### Task inputs
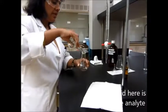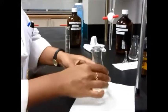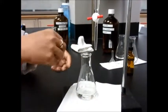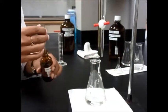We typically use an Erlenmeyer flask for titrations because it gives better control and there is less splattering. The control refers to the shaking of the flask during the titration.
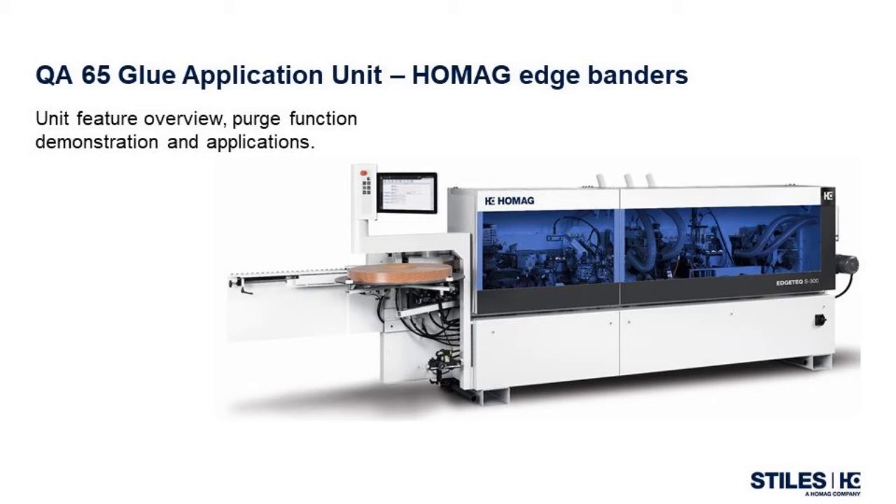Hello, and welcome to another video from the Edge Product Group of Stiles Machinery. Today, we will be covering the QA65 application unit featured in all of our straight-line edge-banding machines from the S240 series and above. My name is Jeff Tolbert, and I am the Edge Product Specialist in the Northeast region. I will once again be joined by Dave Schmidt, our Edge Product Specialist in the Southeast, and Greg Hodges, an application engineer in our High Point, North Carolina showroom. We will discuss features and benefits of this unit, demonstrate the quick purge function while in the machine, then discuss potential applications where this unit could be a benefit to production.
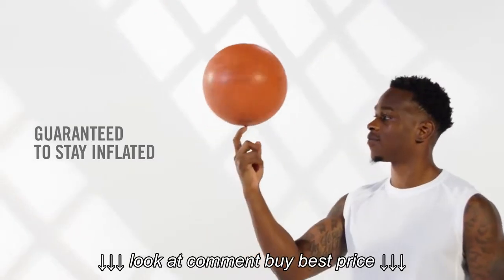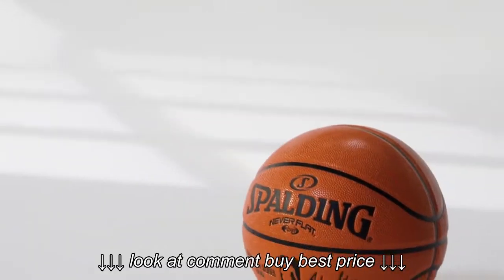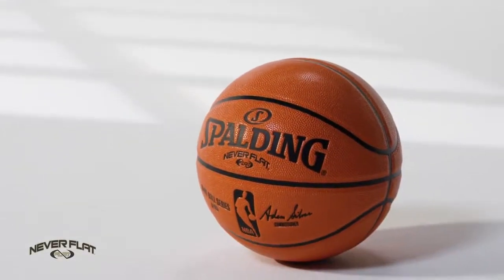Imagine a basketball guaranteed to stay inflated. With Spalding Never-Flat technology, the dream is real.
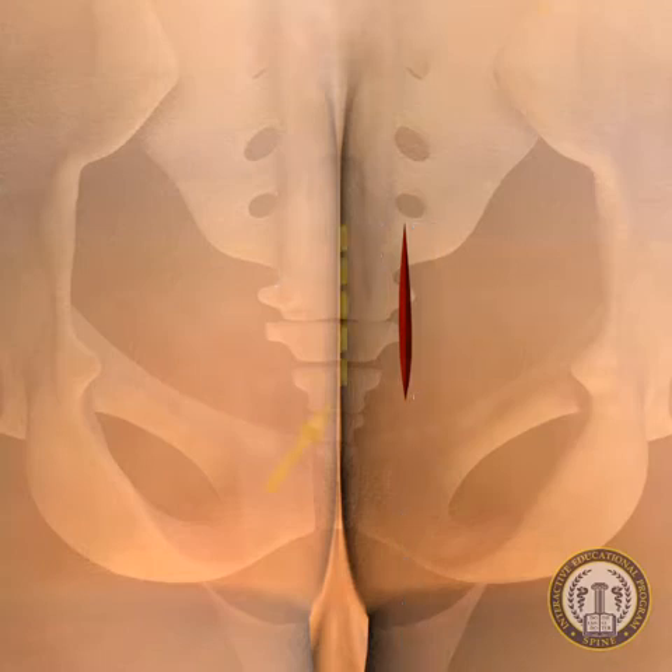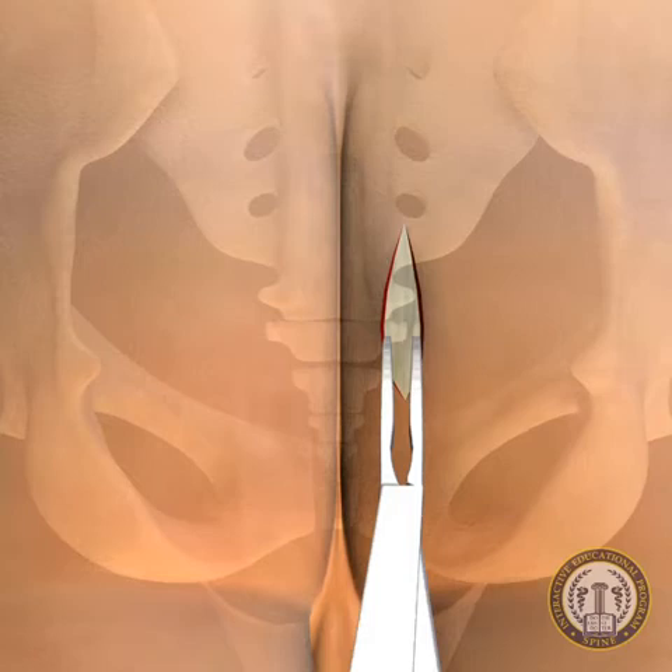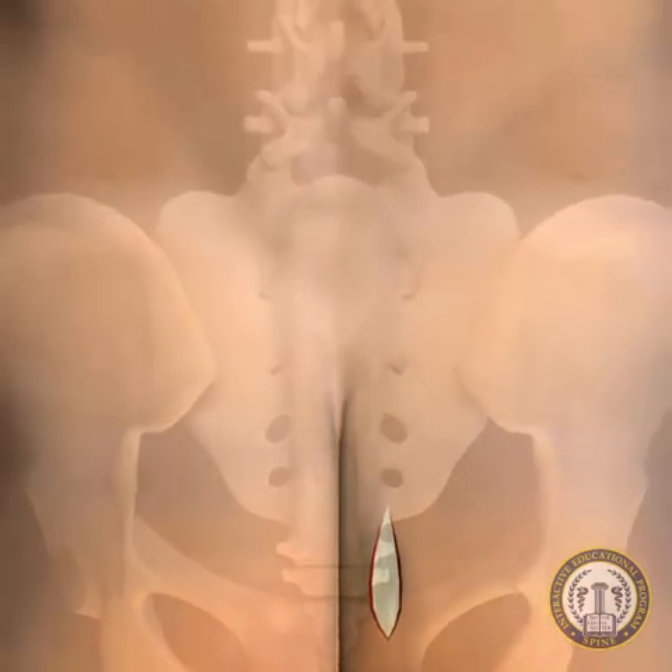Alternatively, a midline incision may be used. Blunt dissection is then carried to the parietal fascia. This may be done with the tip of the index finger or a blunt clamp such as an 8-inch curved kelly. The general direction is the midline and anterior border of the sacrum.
==
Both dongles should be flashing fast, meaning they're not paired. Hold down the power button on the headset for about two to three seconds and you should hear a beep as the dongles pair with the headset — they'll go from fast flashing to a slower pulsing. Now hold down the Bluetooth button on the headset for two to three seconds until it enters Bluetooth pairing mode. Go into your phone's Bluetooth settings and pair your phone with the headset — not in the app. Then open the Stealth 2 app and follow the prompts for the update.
* * *
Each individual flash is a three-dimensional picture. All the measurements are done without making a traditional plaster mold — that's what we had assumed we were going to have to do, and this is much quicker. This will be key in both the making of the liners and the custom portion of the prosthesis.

### Action item
For this task, return exactly the stretch of the listing above from the line with "Imagine a basketball" through the line with "Alternatively, a midline", inclusive and without pictures.

### Answer
Imagine a basketball guaranteed to stay inflated. With Spalding Never-Flat technology, the dream is real.
Alternatively, a midline incision may be used. Blunt dissection is then carried to the parietal fascia. This may be done with the tip of the index finger or a blunt clamp such as an 8-inch curved kelly. The general direction is the midline and anterior border of the sacrum.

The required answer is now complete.